Wisdom 5,000 miles from this scene: ‘Anyone who has anything at all to promote… can … claim their self-promotion has something to do with Fifty Shades of Grey.’  - Hadley Freeman in The Guardian

Wisdom 5,000 miles from this scene: ‘Anyone who has anything at all to promote… can … claim their self-promotion has something to do with Fifty Shades of Grey.’
Hadley Freeman in The Guardian

Depressing but inevitable, we suppose, that proof of the unbounded possibilities of unmediated publishing should have come from this witless book. Never mind, it’s perfect for Falselove-choccie-flowers day.

Highlights from the best commentary – the second set, from a review of the film: there will never be a funnier one.

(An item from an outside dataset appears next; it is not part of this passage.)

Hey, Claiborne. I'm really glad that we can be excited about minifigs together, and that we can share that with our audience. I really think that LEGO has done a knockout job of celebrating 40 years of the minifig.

What a time it is to be alive! For this week of all weeks is when anyone who has anything at all to promote, from duct tape to their own good selves, can attain international attention … All they need to do is somehow claim their self-promotion has something to do with Fifty Shades of Grey.

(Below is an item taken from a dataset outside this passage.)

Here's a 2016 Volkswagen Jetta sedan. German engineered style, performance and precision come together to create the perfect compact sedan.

As even Trappist monks in South Korea know, this is the week that the film of EL James’s hilariously successful book is released. Truly, this would be the perfect Valentine’s Day date …

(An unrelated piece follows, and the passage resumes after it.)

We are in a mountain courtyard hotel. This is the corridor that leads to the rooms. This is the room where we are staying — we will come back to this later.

… [I]t is impossible to think of another movie that has proved itself so amenable to lazy PRs and others desperate to hitch their wagons to this attention-sucking vortex, … I honestly don’t think there’s been a day in the past three months when I haven’t received at least five emails from PRs flogging everything from manicures to men’s ties, that haven’t made some grasping reference to Fifty Shades of Desperation. Condom brands and bedding companies have cannily claimed some sort of alliance with the film, replete with mini films and competitions, with one even offering a prize of “a Sealy Ultimate Support Mattress (in grey!)”. Because what could be sexier than coming home and finding your partner has won you a free grey mattress?

Hadley Freeman in The Guardian, 14 February 2015

Part of the difficulty is the lack of sexual chemistry between the two leads. This is a particularly acute problem in a tale of two lovers exploring a relationship that takes in the wilder shores of bondage, submission, dominance and terrible dialogue.

Grey’s eyes are supposed to blaze with seething lust all the time, but he just looks as if he’s suffering from trapped wind. Nurse, fetch the Tums!

It is true that this Hollywood adaptation is not as bad as the books.

Poor Dakota — the daughter of actors Don Johnson and Melanie Griffith — is often naked, with a high nipple count, lots of buttock shots and occasional flash of front bottom.

Jamie gets to keep his jeans on a lot, which hardly seems fair or feminist, although we do get to see his impressive bottom, rippling with muscles like a bag of walnuts.

Do you trust me?’ he says, undoing her hair.

Yikes, what is he going to give her? A perm?

Soon, they are walking hand in hand towards his sex dungeon for the first time — it’s a big moment in any relationship.

‘Are your Xboxes in there?’ she wonders. The Red Room of Pain where the tyings-up take place — infamous for those who have read the books — looks like a Pilates gym … all sleek cherry leather and shiny clasps.

There are mysterious instruments hung on the walls; whips and manacles, yes. But what are the rest — squirrel tails, that feather duster from Downton Abbey, a paddle, two bread boards?

Meanwhile, there is some hanky panky with ice cubes and a bit of ever so tasteful, slow-motion peacock-feather-tickling that will remind many women not of their libido, but the fact that their mantelpiece could do with a dust.